Если мы возьмем, например, деревенские общины монголо-бурят, в особенности тех, которые живут в Кудинской степи, на верхней Лене, и более других избежали русского влияния, то мы имеем в них довольно хороший образчик варваров в переходном состоянии, от скотоводства к земледелию [31]. Эти буряты до сих пор живут «неделёными» семьями», т.е., хотя каждый сын после женитьбы уходит жить в отдельную юрту, но юрты, по крайней мере, трёх поколений находятся внутри одной изгороди, и неделёная семья работает сообща на своих полях и владеет сообща своим неделёным домохозяйством, скотом, а также «телятниками» (небольшие огороженные пространства, на которых сохраняется мягкая трава для выкормки телят). Обыкновенно каждая семья собирается для еды в своей юрте; но когда жарится мясо, то все члены неделёного домохозяйства, от двадцати до шестидесяти человек, пируют вместе.

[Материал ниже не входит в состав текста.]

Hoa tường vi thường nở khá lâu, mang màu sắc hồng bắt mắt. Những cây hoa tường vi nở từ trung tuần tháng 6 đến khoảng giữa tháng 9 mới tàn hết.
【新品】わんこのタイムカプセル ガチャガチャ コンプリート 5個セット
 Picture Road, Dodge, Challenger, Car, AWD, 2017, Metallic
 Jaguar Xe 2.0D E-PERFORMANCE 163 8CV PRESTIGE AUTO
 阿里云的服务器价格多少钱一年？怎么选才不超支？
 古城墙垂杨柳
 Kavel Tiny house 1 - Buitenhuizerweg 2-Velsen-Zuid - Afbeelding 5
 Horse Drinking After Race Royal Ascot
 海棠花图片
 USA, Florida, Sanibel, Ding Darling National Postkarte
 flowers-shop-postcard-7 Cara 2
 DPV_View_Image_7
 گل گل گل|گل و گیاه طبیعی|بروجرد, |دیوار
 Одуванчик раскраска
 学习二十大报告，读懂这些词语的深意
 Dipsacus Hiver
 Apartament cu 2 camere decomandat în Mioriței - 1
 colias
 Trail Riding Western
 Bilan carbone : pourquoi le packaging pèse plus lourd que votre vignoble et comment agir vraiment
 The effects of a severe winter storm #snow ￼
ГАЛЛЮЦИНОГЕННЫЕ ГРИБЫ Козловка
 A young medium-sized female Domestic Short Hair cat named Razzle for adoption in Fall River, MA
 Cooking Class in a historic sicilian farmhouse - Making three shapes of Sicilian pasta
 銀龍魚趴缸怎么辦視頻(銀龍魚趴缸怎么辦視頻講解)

Несколько таких больших семей, живущих в одном урочище, а также меньшего размера семьи, поселившиеся в том же месте (в большинстве случаев они представляют остатки неделёных семей, разбившихся по какой-нибудь причине), составляют улус, или деревенскую общину. Несколько улусов составляют «род» — вернее, племя, — а все сорок шесть «родов» Кудинской степи объединены в одну конфедерацию. В случае надобности, вызываемой теми или другими специальными нуждами, несколько «родов» вступают в меньшие, но более тесные союзы. Эти буряты не признают частной поземельной собственности — землей владеют улусы сообща, или, точнее, ею владеет вся конфедерация, и в случае необходимости происходит передел земли между различными улусами, на сходе всего рода, а между сорока шестью родами — на вече конфедерации. Следует заметить, что та же самая организация существует у всех 250.000 бурят Восточной Сибири, хотя они уже более трехсот лет находятся под властью России и хорошо знакомы с русскими порядками.

Несмотря на всё сказанное, имущественное неравенство быстро развивается у бурят, особенно с тех пор, как русское правительство начало придавать преувеличенное значение избираемым бурятами «тайшам» (князьям), которых оно считает ответственными сборщиками податей и представителями конфедераций в их административных и даже коммерческих сношениях с русскими. Таким образом открываются многочисленные пути к обогащению немногих, идущему рука об руку с обеднением массы, вследствие захвата русскими бурятских земель. Тем не менее у бурят, особенно Кудинских, держится обычай (а обычаи — сильнее закона), согласно которому, если у семьи пал скот, то более богатые семьи дают ей несколько коров и лошадей, на поправку. Что же касается бедняков, бессемейных, то они едят у своих сородичей; бедняк входит в юрту, занимает — по праву, а не из милости — место у огня и получает свою долю пищи, которая всегда самым добросовестным образом делится па равные части; спать он остается там, где ужинал. Вообще, русские завоеватели Сибири были настолько поражены коммунистическими обычаями бурят, что они назвали их «братскими» и доносили в Москву: «у них всё сообща; всё, что у них есть, они делят между всеми».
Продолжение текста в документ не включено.